Catalogs

Data catalogs provide an abstraction that allows you to externally define, and optionally share, descriptions of datasets, called catalog entries. A catalog entry for a dataset includes information like:

  • The name of the Intake driver that can load the data

  • Arguments to the __init__() method of the driver

  • Metadata provided by the catalog author (such as field descriptions and types, or data provenance)

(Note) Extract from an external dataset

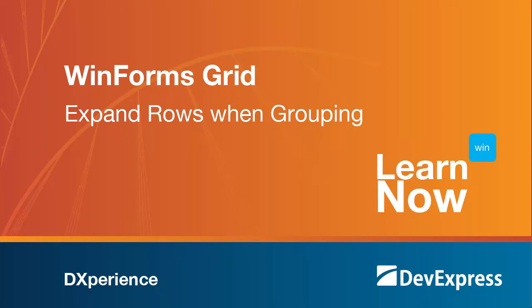Welcome to the DevExpress Learn Now series, quick tutorials to help you get started using DevExpress controls. In this video, you'll learn how to keep all the groups expanded within a grid view.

In addition, Intake allows the arguments to data sources to be templated, with the variables explicitly expressed as “user parameters”. The given arguments are rendered using jinja2 and the named user parameters. Those parameters are also offer validation of the allowed types and values, for both the template values and the final arguments passed to the data source. The parameters are named and described, to indicate to the user what they are for. This kind of structure can be used to, for example, choose between two parts of a given data source, like “latest” and “stable”, see the entry1_part entry in the example below.

YAML Format

Intake catalogs are typically described with YAML files. Here is an example:

metadata:
  version: 1
sources:
  example:
    description: test
    driver: random
    args: {}

  entry1_full:
    description: entry1 full
    metadata:
      foo: 'bar'
      bar: [1, 2, 3]
    driver: csv
    args: # passed to the open() method
      urlpath: '{{ CATALOG_DIR }}/entry1_*.csv'

  entry1_part:
    description: entry1 part
    parameters: # User parameters
      part:
        description: section of the data
        type: str
        default: "stable"
        allowed: ["latest", "stable"]
    driver: csv
    args:
      urlpath: '{{ CATALOG_DIR }}/entry1_{{ part }}.csv'

Metadata

Arbitrary extra descriptive information can go into the metadata section. Some fields will be claimed for internal use and some fields may be restricted to local reading; but for now the only field that is expected is version, which will be updated when a breaking change is made to the file format. Any catalog will have .metadata and .version attributes available.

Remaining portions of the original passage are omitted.